Return the data below exactly, minus the pictures.

**Material provided:**
========================

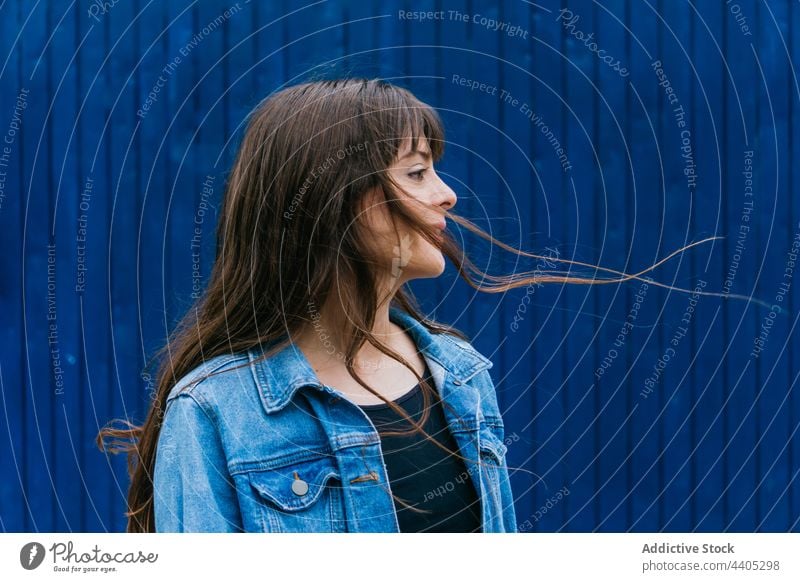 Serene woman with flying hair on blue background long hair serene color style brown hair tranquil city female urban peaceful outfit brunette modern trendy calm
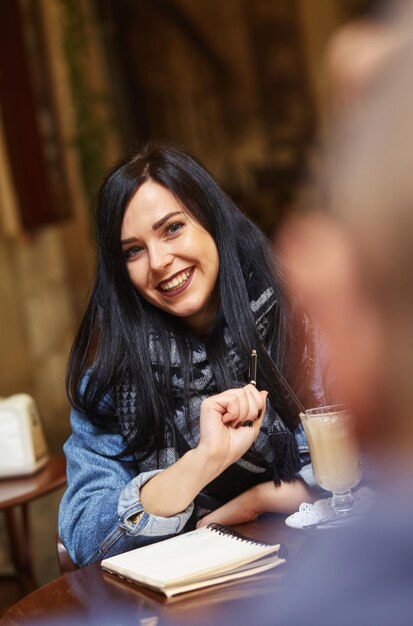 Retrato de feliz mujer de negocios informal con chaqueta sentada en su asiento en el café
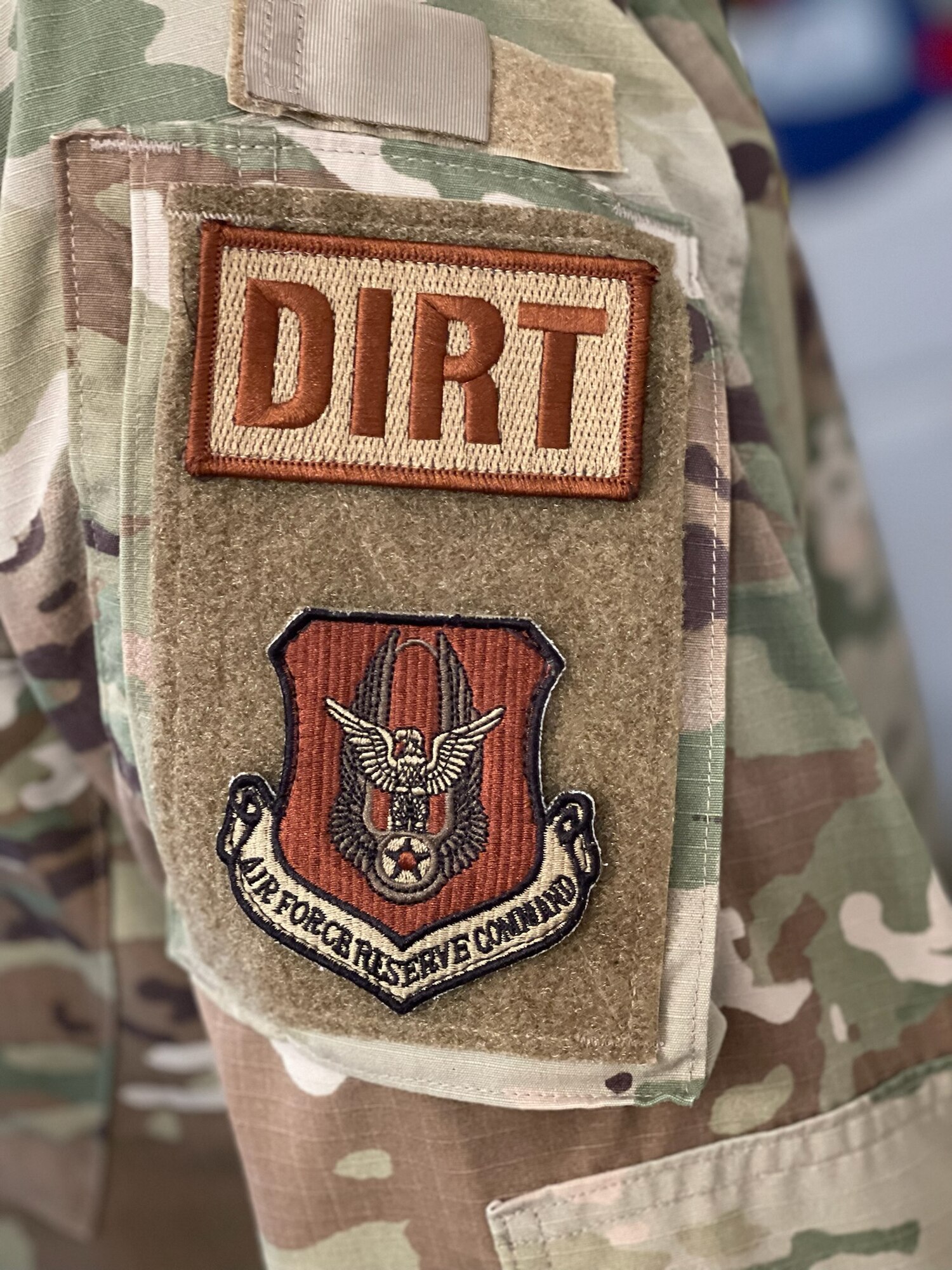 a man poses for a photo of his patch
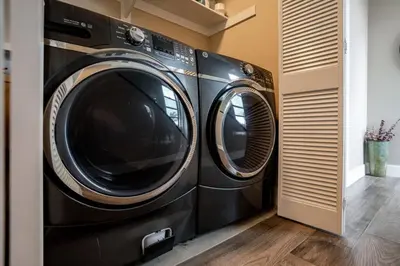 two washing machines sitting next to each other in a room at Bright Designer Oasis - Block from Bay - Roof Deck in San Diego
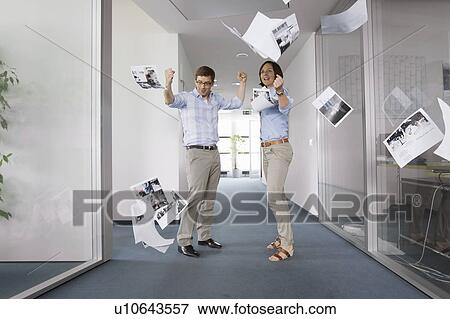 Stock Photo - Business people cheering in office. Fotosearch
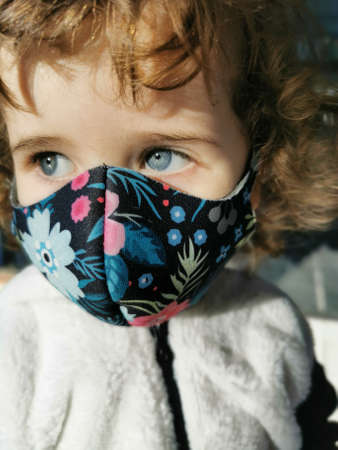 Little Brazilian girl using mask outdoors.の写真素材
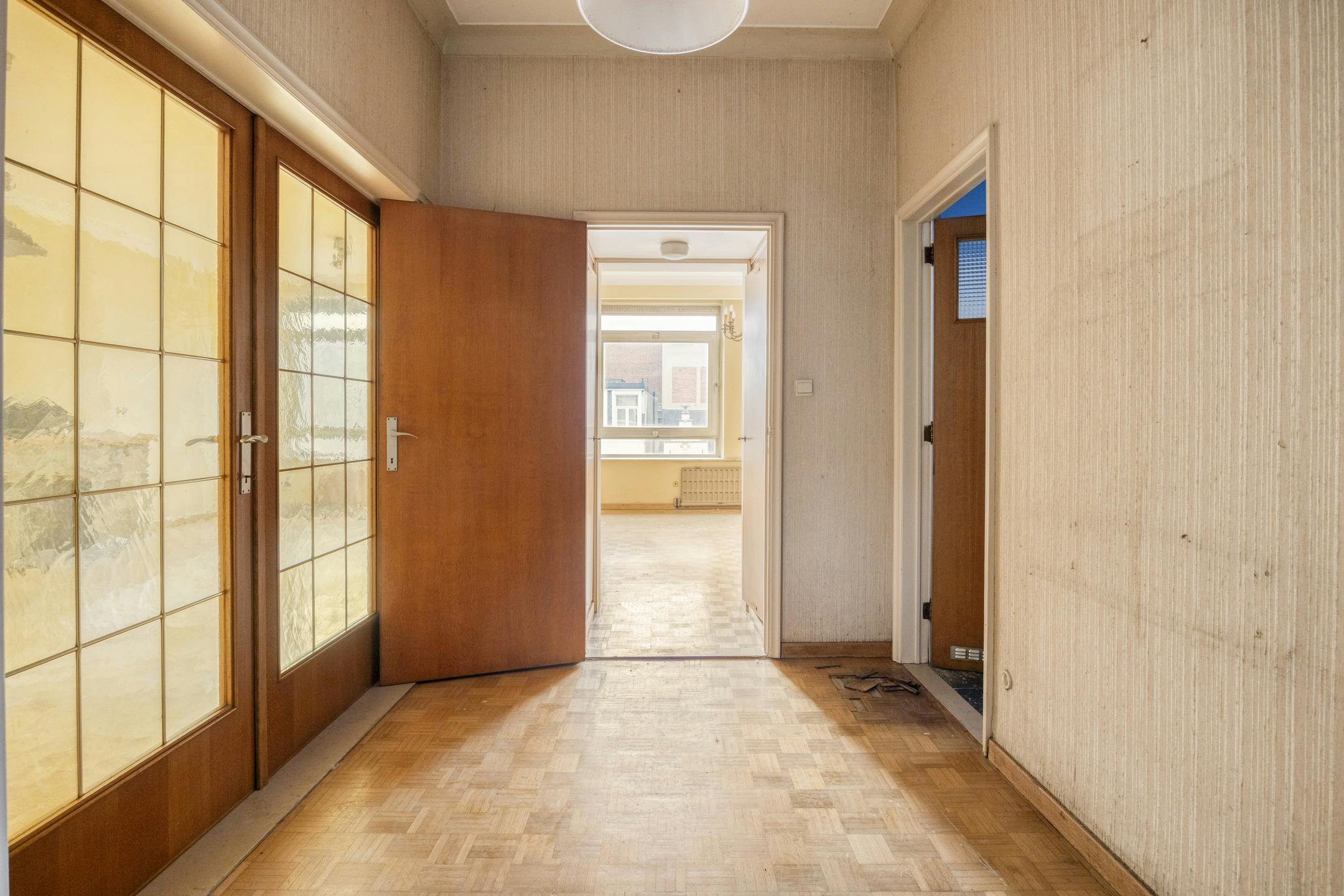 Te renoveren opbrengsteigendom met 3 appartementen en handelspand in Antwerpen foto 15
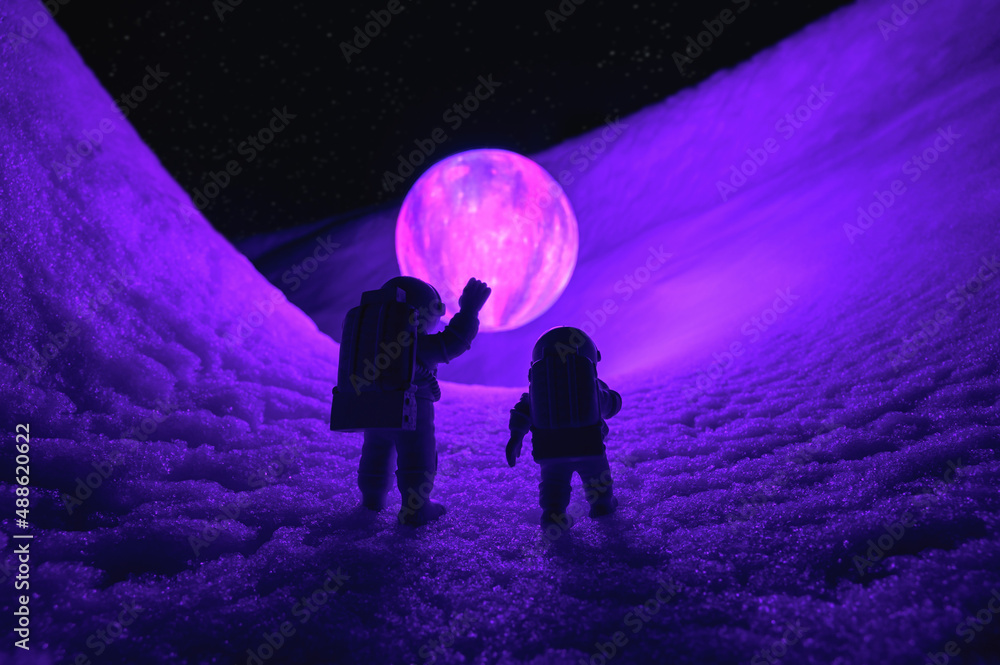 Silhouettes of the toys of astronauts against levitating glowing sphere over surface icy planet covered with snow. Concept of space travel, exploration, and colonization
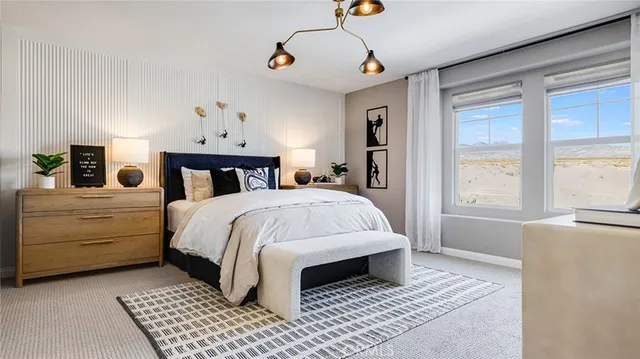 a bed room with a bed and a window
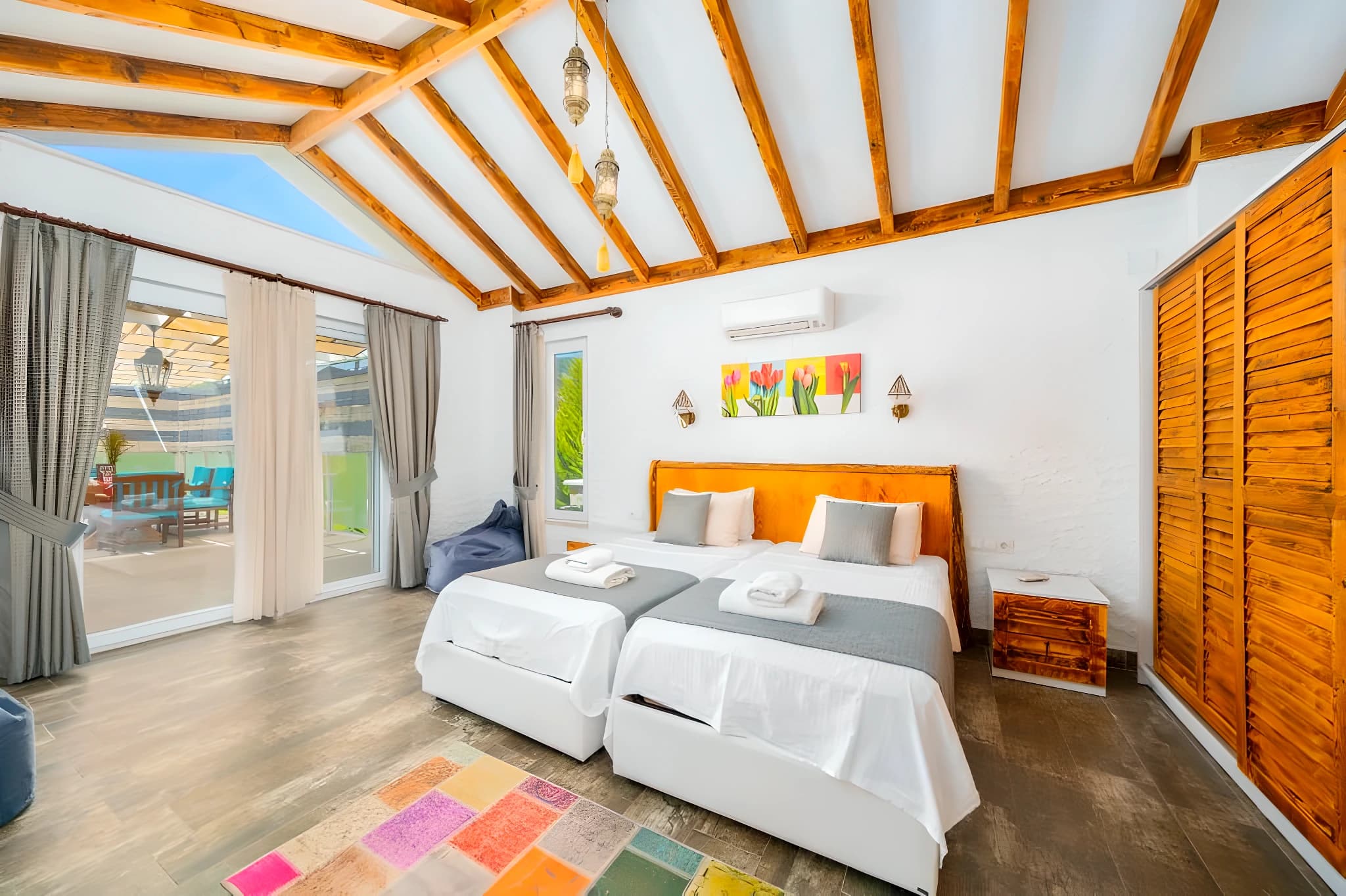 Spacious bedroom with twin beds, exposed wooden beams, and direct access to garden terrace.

========================

**Answer for this exercise:**
 Serene woman with flying hair on blue background long hair serene color style brown hair tranquil city female urban peaceful outfit brunette modern trendy calm
 Retrato de feliz mujer de negocios informal con chaqueta sentada en su asiento en el café
 a man poses for a photo of his patch
 two washing machines sitting next to each other in a room at Bright Designer Oasis - Block from Bay - Roof Deck in San Diego
 Stock Photo - Business people cheering in office. Fotosearch
 Little Brazilian girl using mask outdoors.の写真素材
 Te renoveren opbrengsteigendom met 3 appartementen en handelspand in Antwerpen foto 15
 Silhouettes of the toys of astronauts against levitating glowing sphere over surface icy planet covered with snow. Concept of space travel, exploration, and colonization
 a bed room with a bed and a window
 Spacious bedroom with twin beds, exposed wooden beams, and direct access to garden terrace.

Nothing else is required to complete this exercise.